--- EXERCISE MATERIAL ---
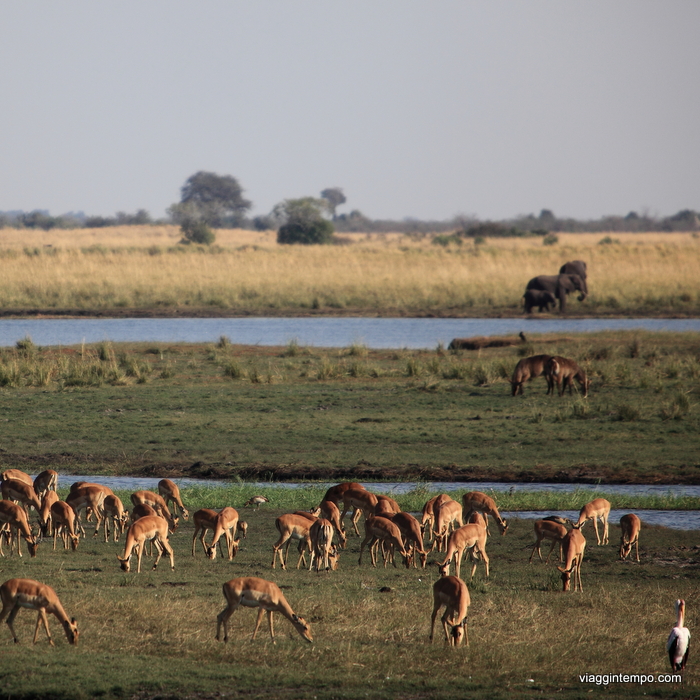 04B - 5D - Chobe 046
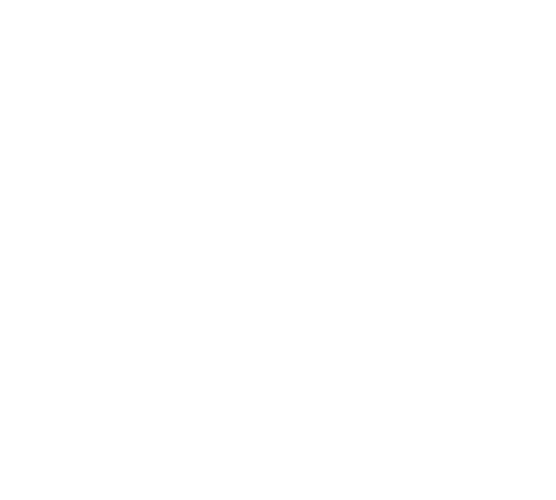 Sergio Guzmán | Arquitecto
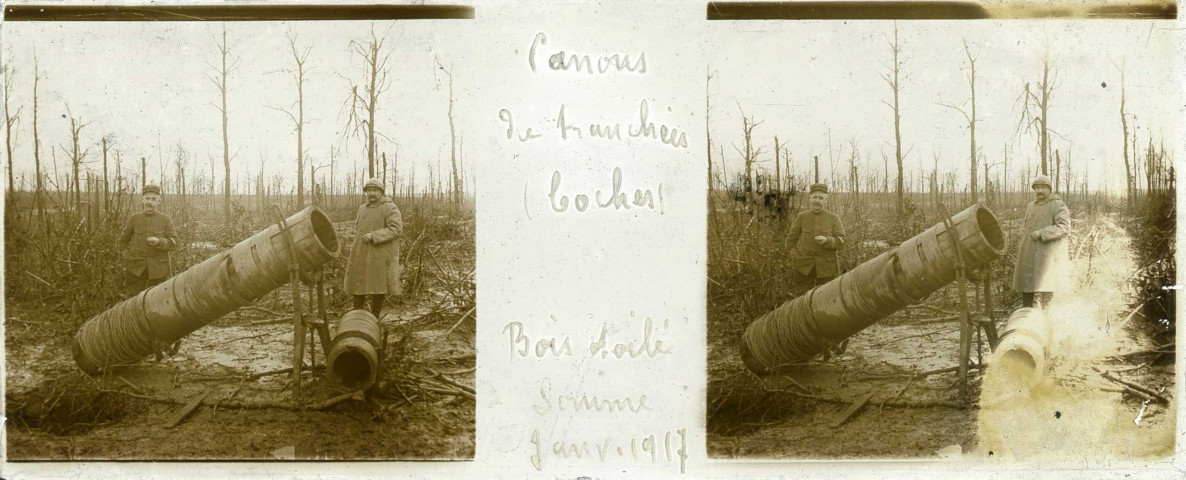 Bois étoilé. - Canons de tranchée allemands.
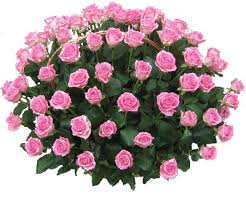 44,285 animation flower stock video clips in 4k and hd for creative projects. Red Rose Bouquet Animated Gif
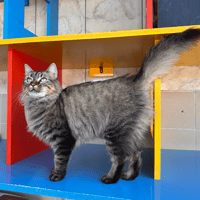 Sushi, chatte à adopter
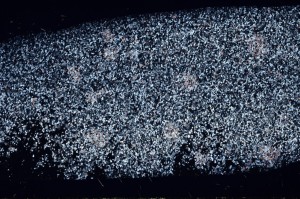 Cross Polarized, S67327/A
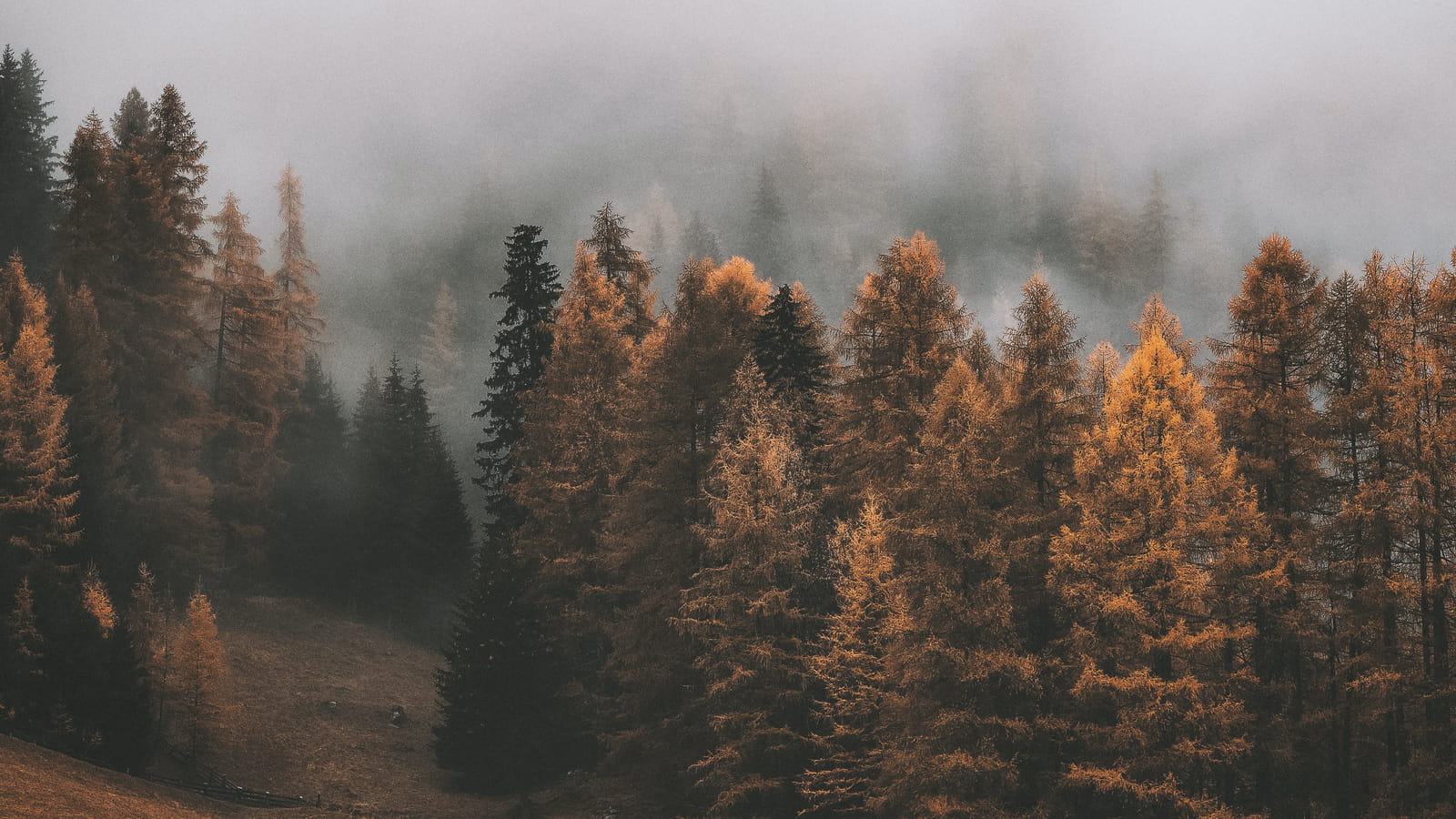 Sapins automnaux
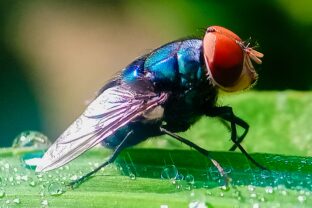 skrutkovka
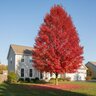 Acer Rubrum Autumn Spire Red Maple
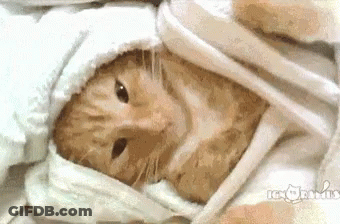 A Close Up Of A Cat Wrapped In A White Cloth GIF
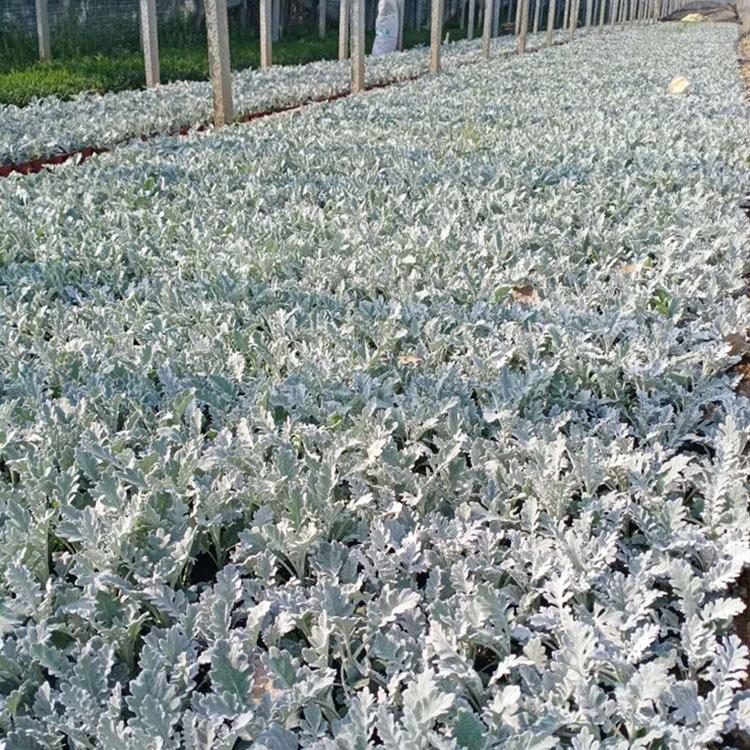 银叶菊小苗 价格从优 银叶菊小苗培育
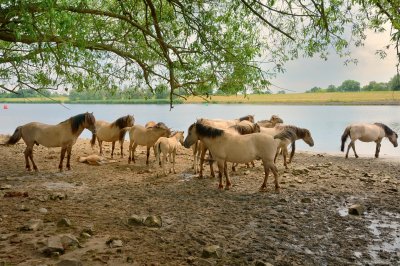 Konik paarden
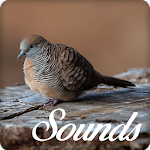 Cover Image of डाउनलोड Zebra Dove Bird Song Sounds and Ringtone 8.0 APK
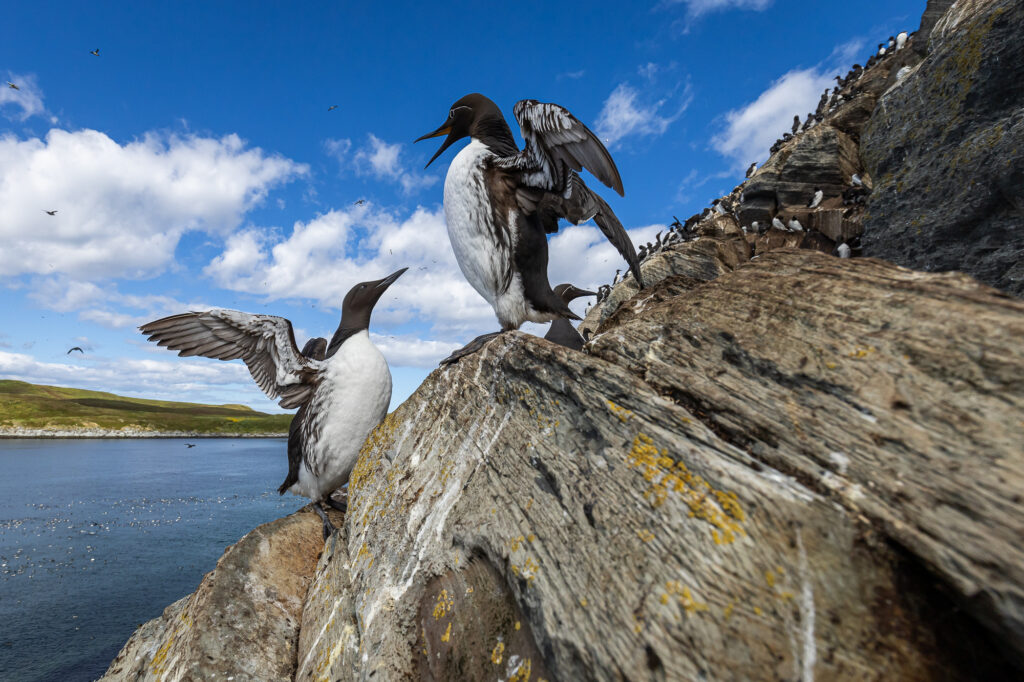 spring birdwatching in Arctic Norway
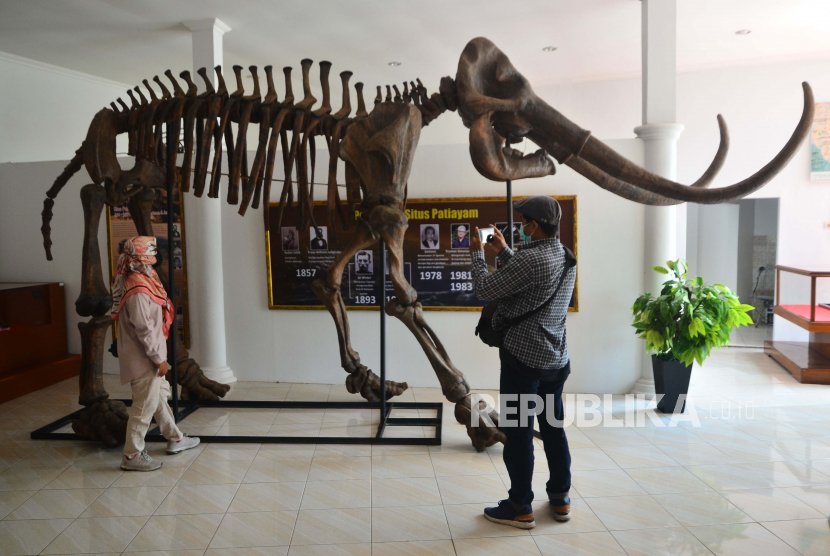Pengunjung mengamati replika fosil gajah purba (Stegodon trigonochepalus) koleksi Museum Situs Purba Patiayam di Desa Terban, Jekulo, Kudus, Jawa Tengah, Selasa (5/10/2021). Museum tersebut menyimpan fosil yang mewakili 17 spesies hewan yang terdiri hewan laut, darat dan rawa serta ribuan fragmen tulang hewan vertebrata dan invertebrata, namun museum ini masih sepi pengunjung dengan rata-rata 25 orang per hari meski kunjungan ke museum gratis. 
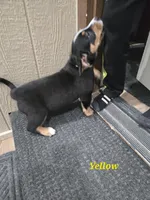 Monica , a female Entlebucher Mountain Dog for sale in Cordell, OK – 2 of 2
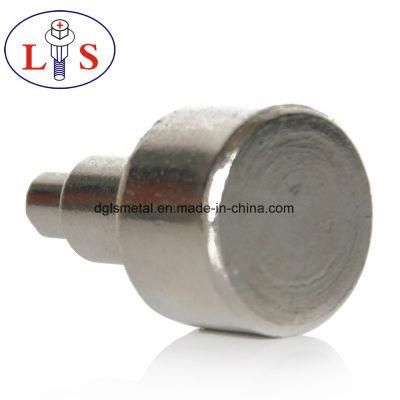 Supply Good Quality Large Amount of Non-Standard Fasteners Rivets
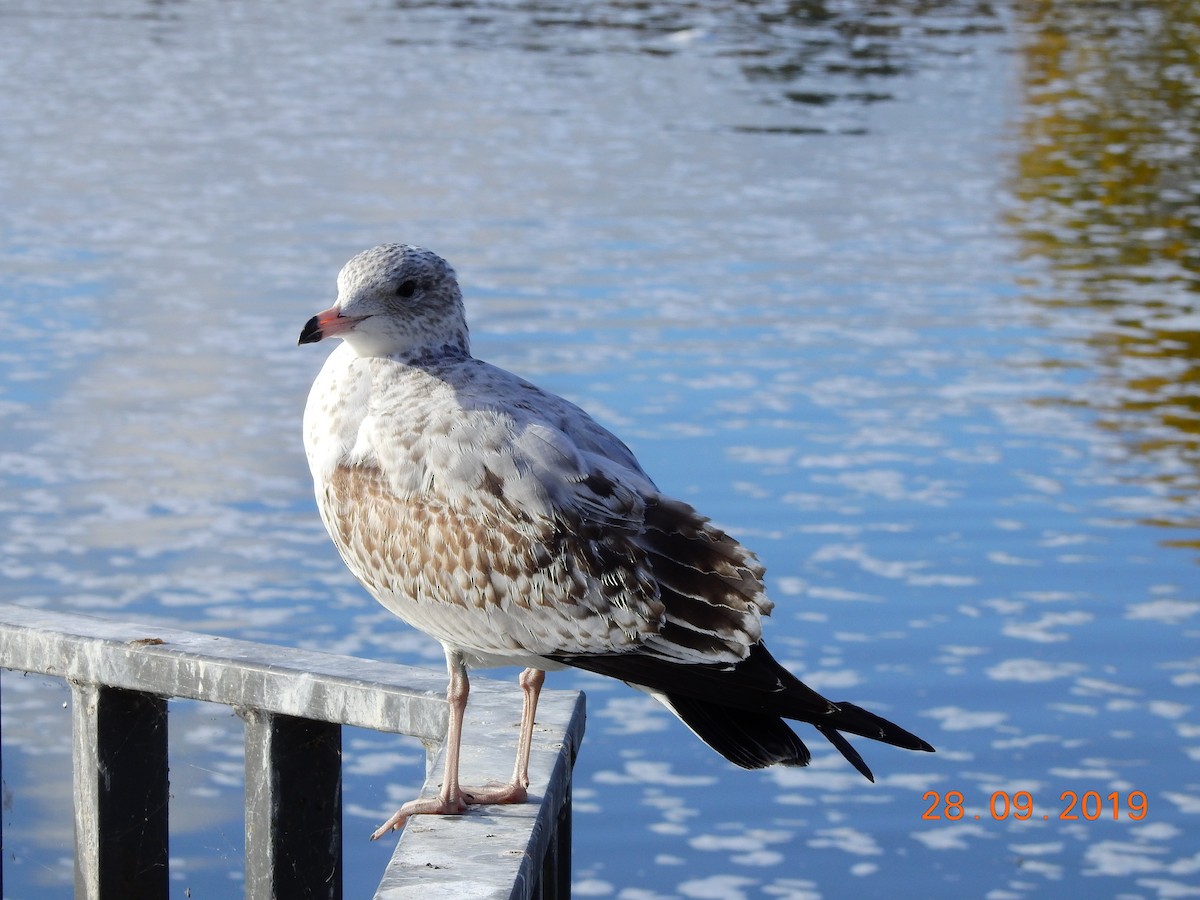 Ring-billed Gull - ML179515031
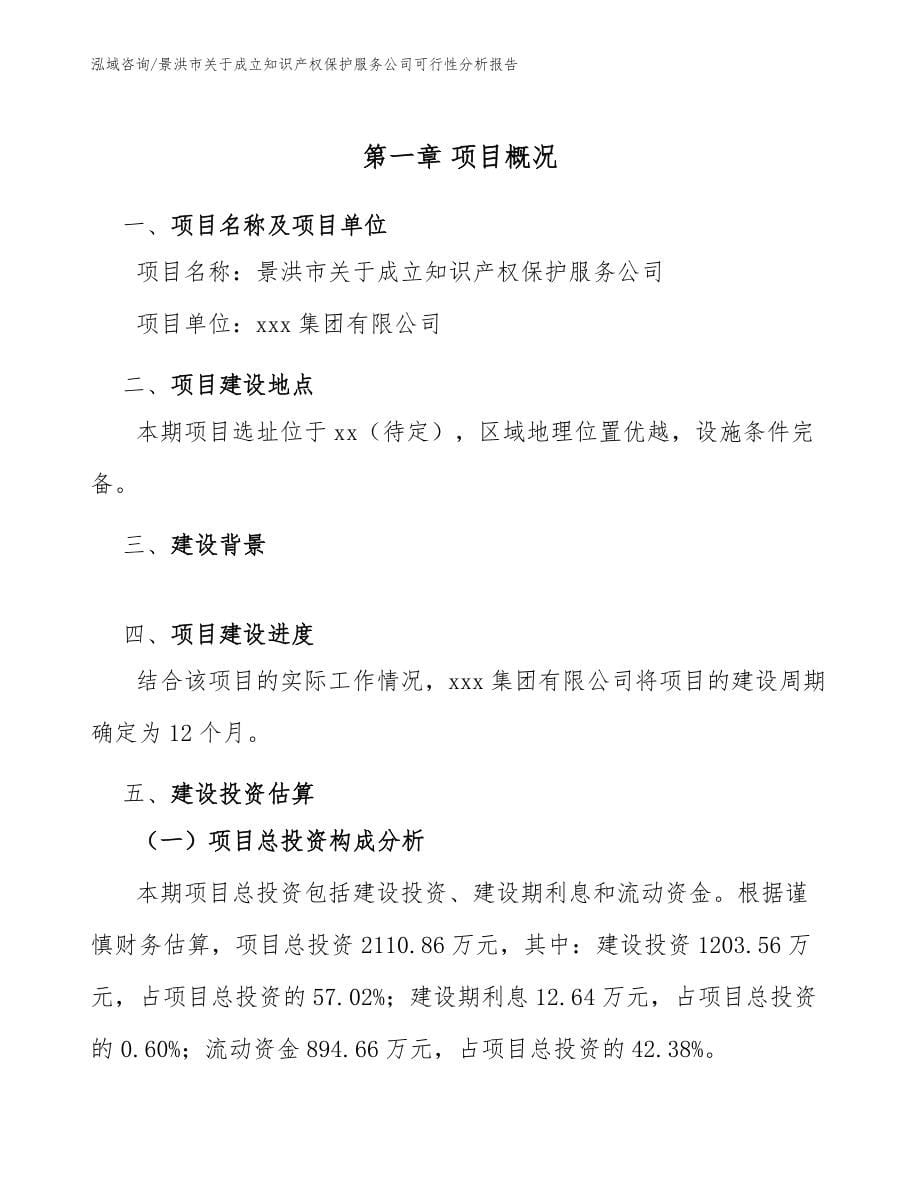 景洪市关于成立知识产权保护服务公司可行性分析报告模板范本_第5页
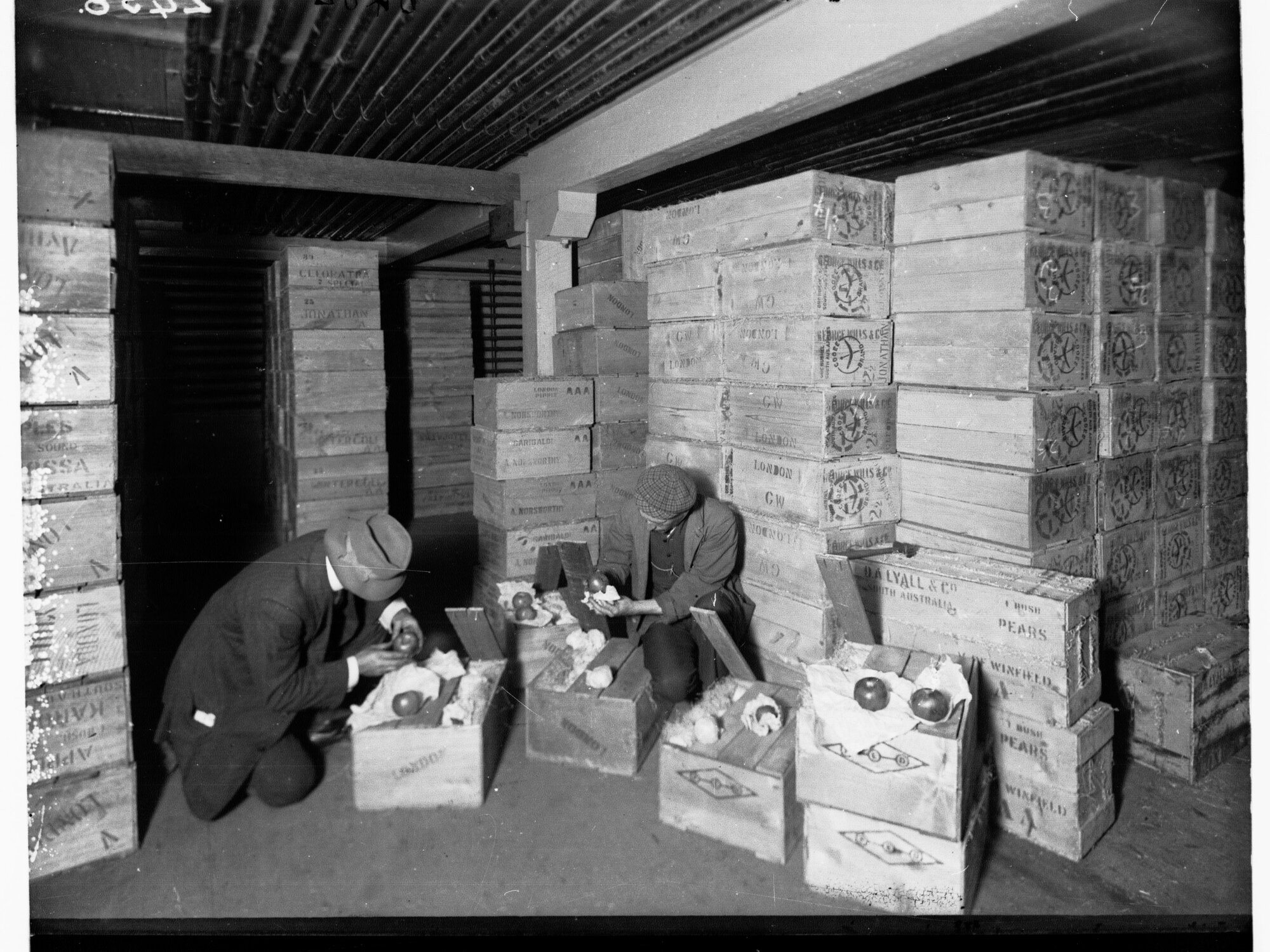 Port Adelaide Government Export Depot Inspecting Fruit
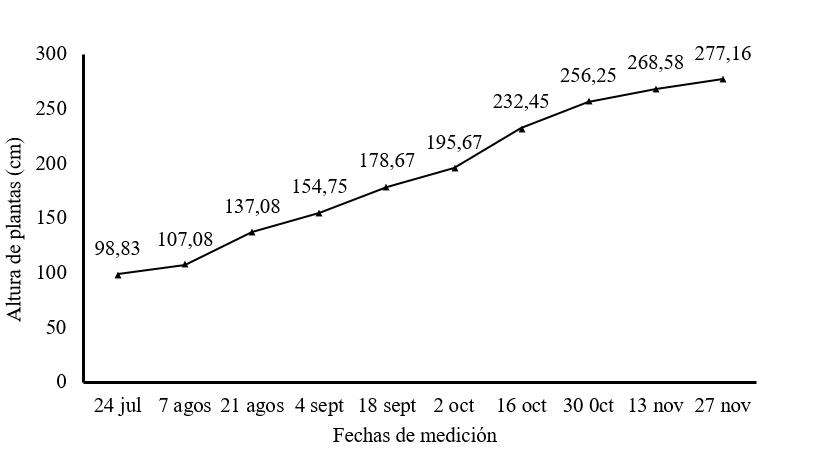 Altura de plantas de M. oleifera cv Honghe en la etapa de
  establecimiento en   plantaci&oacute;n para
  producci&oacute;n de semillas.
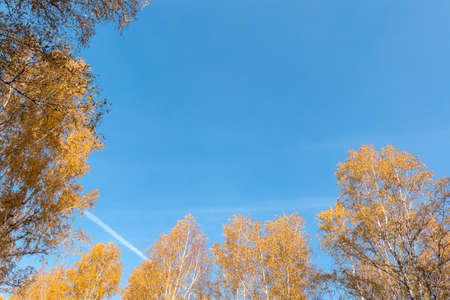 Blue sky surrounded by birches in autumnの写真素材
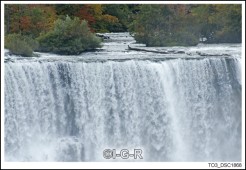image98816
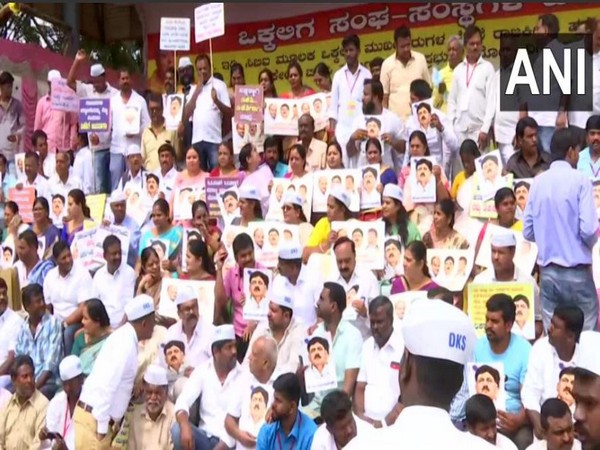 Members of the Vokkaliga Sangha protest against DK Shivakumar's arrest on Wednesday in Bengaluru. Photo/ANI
---
**ABOUT THIS TASK**
Lines that hold "oacute" are the ones to copy, so pick each out from the data.

**RESPONSE TO THE EXERCISE**
  establecimiento en   plantaci&oacute;n para
  producci&oacute;n de semillas.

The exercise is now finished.